Faith Time: What we can learn from the prodigal son

SPONSORED CONTENT: Faith Time

MOBILE COUNTY, Ala. (WKRG) — This past year has been marked by setbacks and comebacks. We’re talking about the parable of the prodigal son with Justin Driver of Forward Church–What in the story do you focus on?

Guest: Let’s look at the main character—the prodigal son. Specifically the people he’s around and the places he’s at in this story. Jesus often used parables when He taught and this parable always had a deeper spiritual meaning. In this case, the prodigal son found himself away from the Father’s house and all that entails. He was outside of the provision of the father’s house because the story says that after he lived it up with the people of this foreign place he journeyed to he found himself in want. This tells me that the same people and place that the son thought was celebrating with him, once his possessions and resources ran dry, he found out that really he was just being tolerated because of what he had to offer. We all find ourselves in places like this sometimes in our lives—around people and in places where we think we are being celebrated just because of who we are, but when our resources run dry and we are in need those same people and places only leave us lacking and in want. This was the major setback for this son in the story.
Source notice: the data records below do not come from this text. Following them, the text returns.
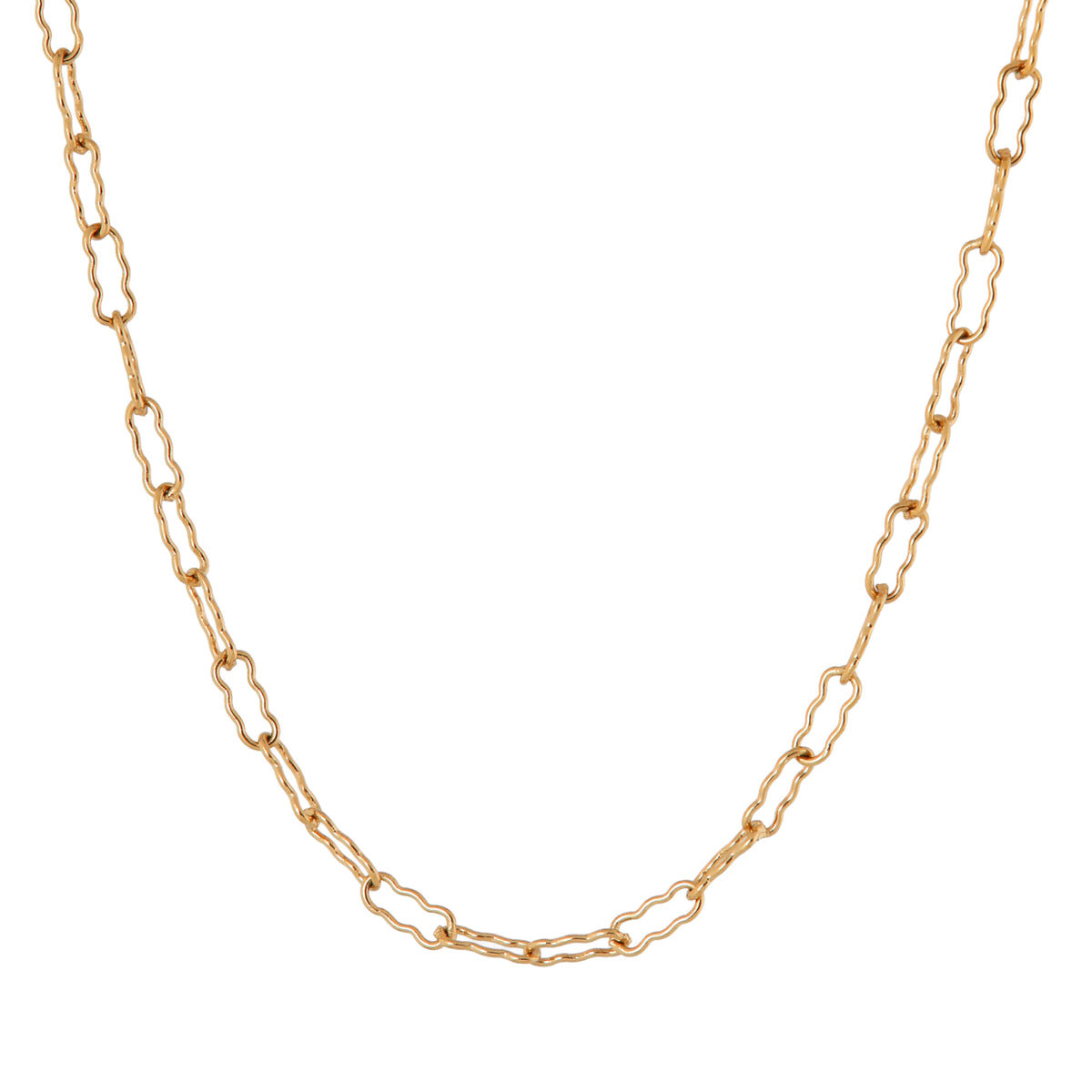 Wavy necklace gold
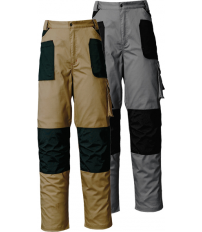 PANTALON STRETCH BEIGE/NEGRO 8730C T-XXL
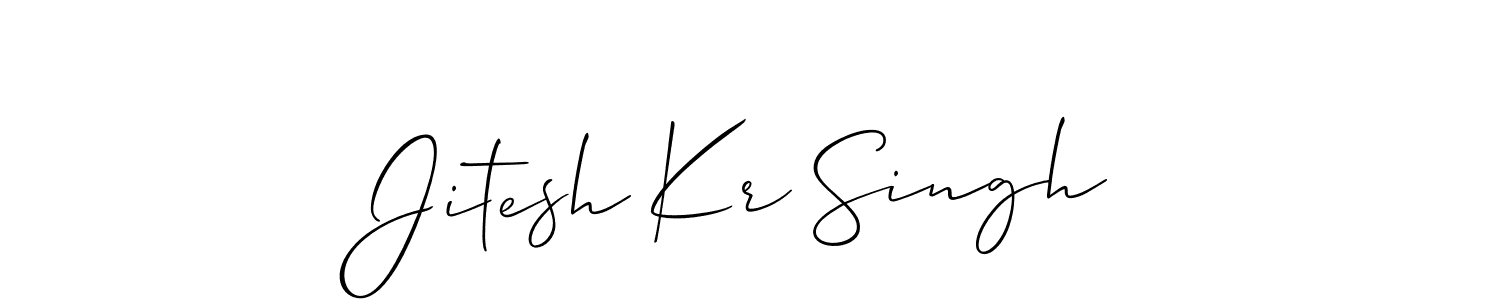 Design your own signature with our free online signature maker. With this signature software, you can create a handwritten (Allison_Script) signature for name Jitesh Kr Singh. Jitesh Kr Singh signature style 2 images and pictures png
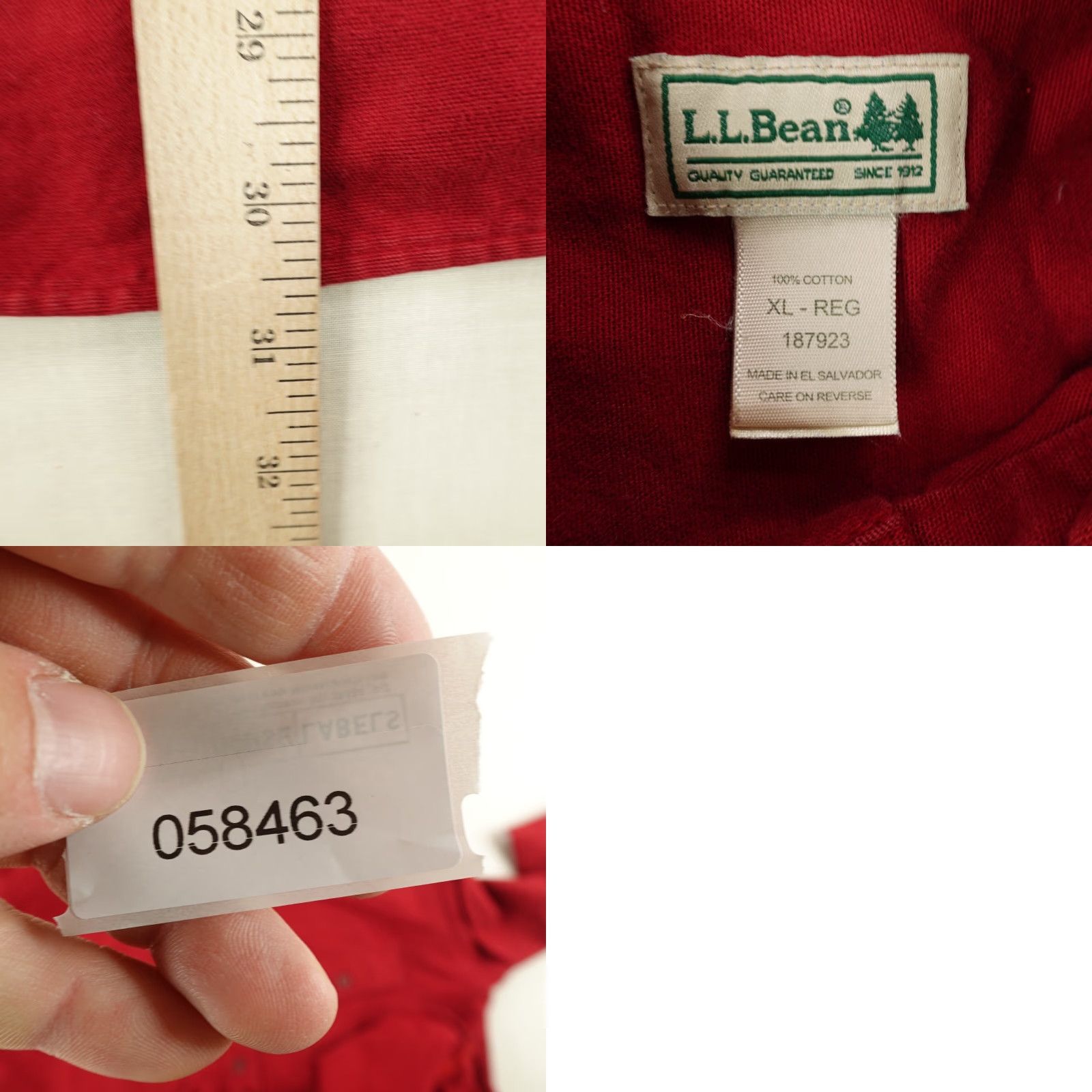 Vintage Vintage LL Bean Men's Flannel Shirt XL Red Casual Workwear Outdoor 90s Button Up Size US XL / EU 56 / 4 - 8 Thumbnail
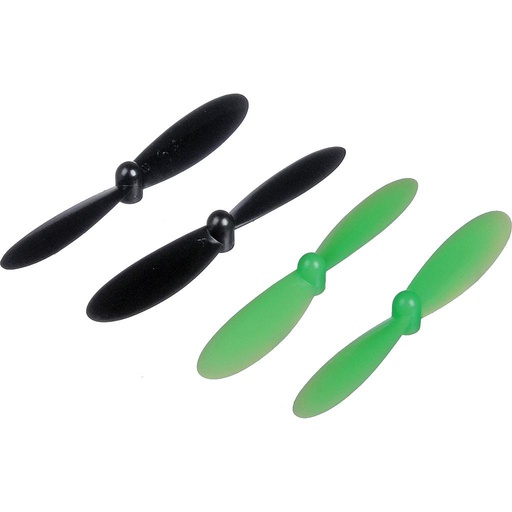 [ HUBH107-A36 ] hubsan x4 propellers groen en zwart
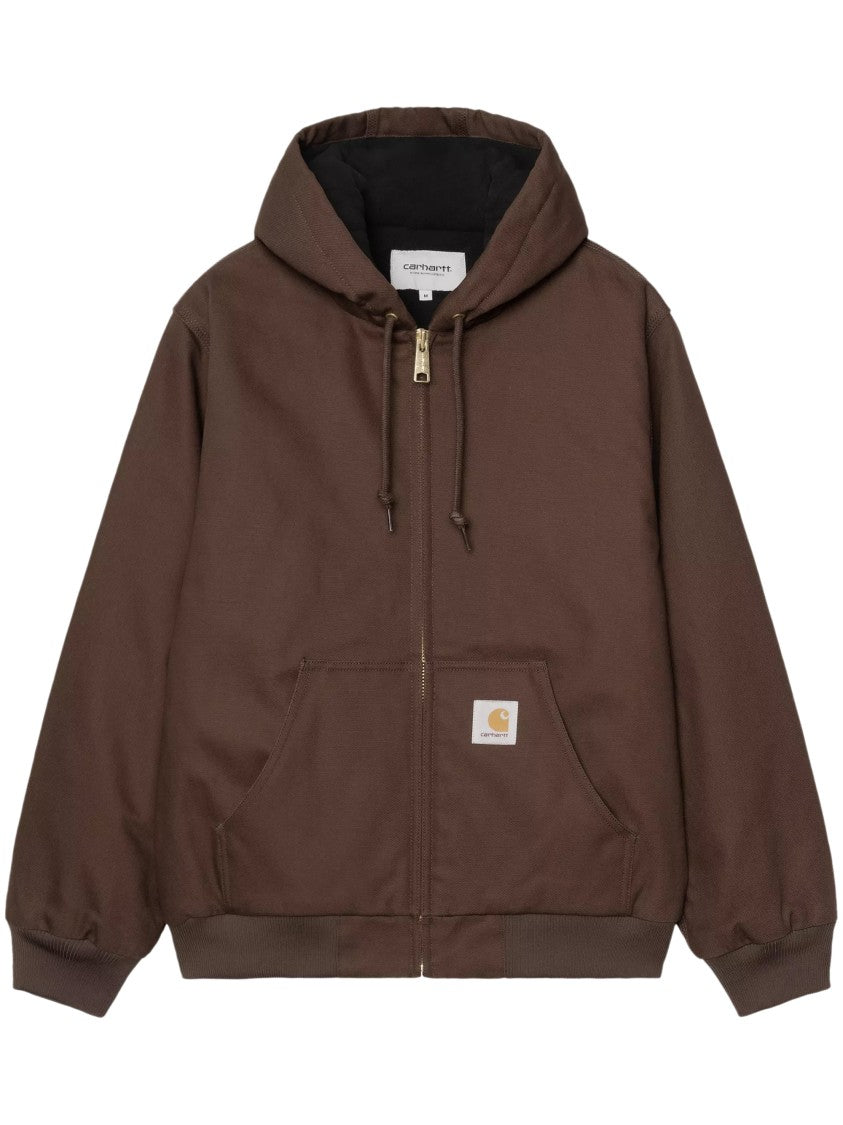 Carhartt Wip Brown Active Adjustable Hood Cotton Jacket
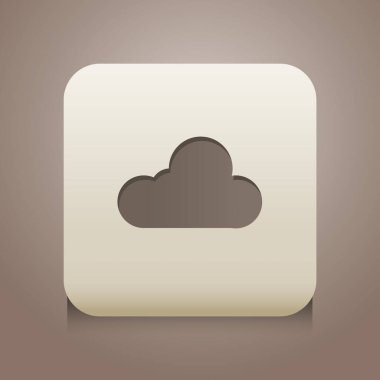 Bulut simgesi, vektör çizimi. düz tasarım biçimi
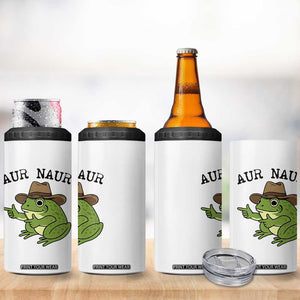 AUR Naur Cowboy Frog Meme 4 in 1 Can Cooler Tumbler Funny Sarcastic Oh No Australian Accent TS14 Print Your Wear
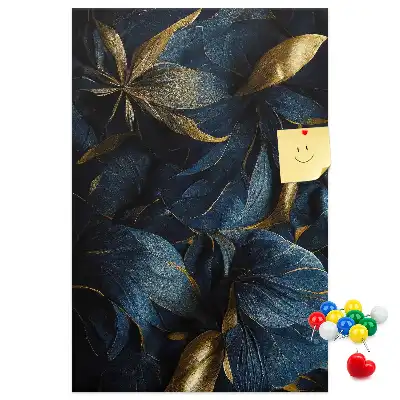 Image tableau en liège Motif floral sombre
Anchor: Are the prodigal son’s setbacks all self-made?

Guest: There were things that were in his control but there were also uncontrollable circumstances as well. The conscious decision to leave his father and live the prodigal lifestyle was totally his choice. But he had no idea that there was a famine about to hit. That was completely out of his control. All of these things added to the setbacks that he experienced. These setbacks found this son in a pigpen, longing to eat the pods that the pigs were eating.

Anchor: What can learn from the comeback in this story?

Guest: First of all the prodigal remembered his father. Even while he was around people and in a place where he shouldn’t be, he remembered from where and from who his provision came from—his father in the father’s house. Next, we see that he returned to the father. He made that conscious decision to go back to the place and the people who celebrated him and not just tolerated him. The awesome thing about this was that the son didn’t even make it all the way back when the Father came running to him. That’s the love and compassion of our Heavenly Father.

Anchor: This isn’t a story about a comeback on merit, it’s one of throwing your fate to God, what can we learn from that?

Guest: That’s such a great point and it’s so true. Because what we see is that one of the last things that the prodigal does is repent to the father. But he doesn’t even get all of his pre-rehearsed repentance out when the father jumps in and restores all that was lost. We may feel like this prodigal sometimes when we make mistakes or experience setbacks. But I would like to remind everyone that God is ready to restore you. Not because we are deserving of such, but because He loves us that much and desires good for his sons and daughters.